Great addition to the rotation of carry lights. Is it worth the money? I don’t know. Some people would consider it expensive and others wouldn’t. Besides a ZL It’s about my max that I spend on light. I guess time will tell. So far so good though.

Thanks for the testimony, Todd! :+1:

I have a 2nd release RRT-01 (with the shorter clip). Great light, but I don’t like the tint all that much. I’m sort of half-torn between getting it modded with a new emitter or buying the new RRT-01. It would probably end up costing the same as the new light to mod… I think the previous RRT-01 has a nicer look to it, but the boost in power on the new one is seriously compelling.

Not sure of your tint preference but if you don’t mind cold white, it gets plenty bright. I really wish I had previous models to compare it to. So my opinion on it is pretty biased. A emitter swap is doable by anyone with a soldering iron and a steady hand. It’s not even completely necessary to remove anything but the bezel to access the emitter. The price is one that it might sway someone from getting it if they aren’t magnetic ring variable fans already I reckon. I am glad I took a chance on it. Huge improvement over the V11R, the only other ring light I have.

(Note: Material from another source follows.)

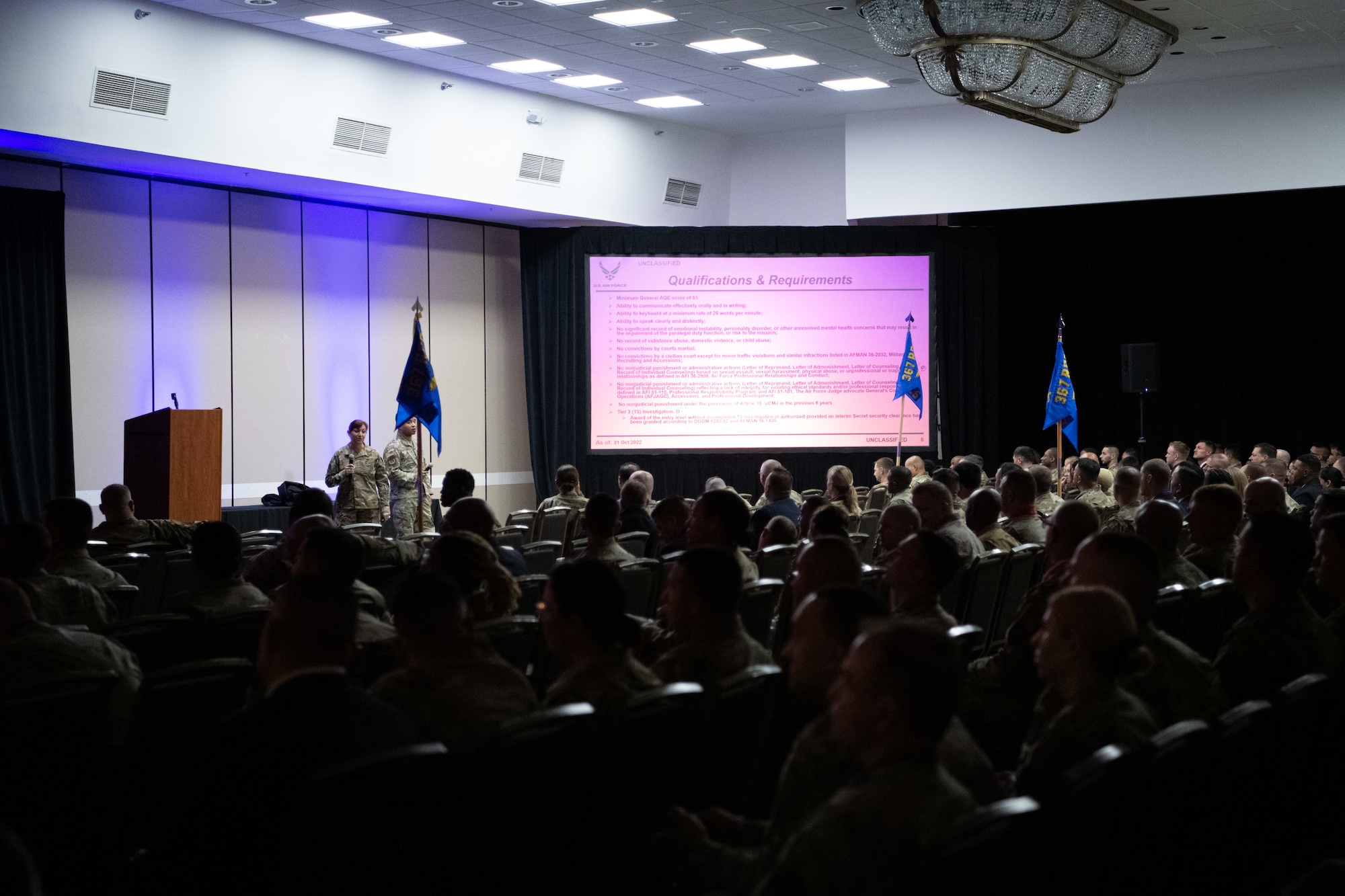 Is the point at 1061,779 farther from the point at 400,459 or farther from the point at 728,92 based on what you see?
the point at 728,92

Good to hear modding isn’t too bad. But if you’re not taking the pill out, how do you get it hot enough to float the emitter? Do you have a pretty powerful soldering iron? Enough solder caked on that you don’t need to add any, just some flux?

[quote=xevious]

Sorry, I didn’t explain my self well. You can just unsolder the connections to the MCPCB/Star/LED board, whatever you are use to hearing it described by, and taking the two screws off the same board and pluck the board out. Then you can use whatever helping hands type vise you use to hold the board and reflow another emitter. I always run a solder tip that has some extra solder on it over the pads on the board, add a touch of flux and heat her up. I will push down on the emitter to squeeze out any extra solder and pick it away with a toothpick or something. I test it with a DMM on the continuity setting making sure it works. Then the board can go back in, screws put back in and power wires from the driver resolderd in place. It’s much easier to get to if you unscrew the head I guess you call it, from right above the ring but it’s not necessary. Not much room but, there’s barely enough.

Had some 60 degree waffle type TIR’s laying around that fit it. Found a orange peel reflector that fit was well. Don’t know where it came from, it was just in a box of parts that was given to me. The TIR was awesome but a bit too floody for me. The OP reflector made it pretty nice and the original SMO reflector with DCFix on the lens made it just right for me.

Slick looking light for sure. Better to MOD or leave as is?

If you like 6500K cold white. It’s just fine as is. If not, throw a emitter of your choice in there. I picked a different emitter.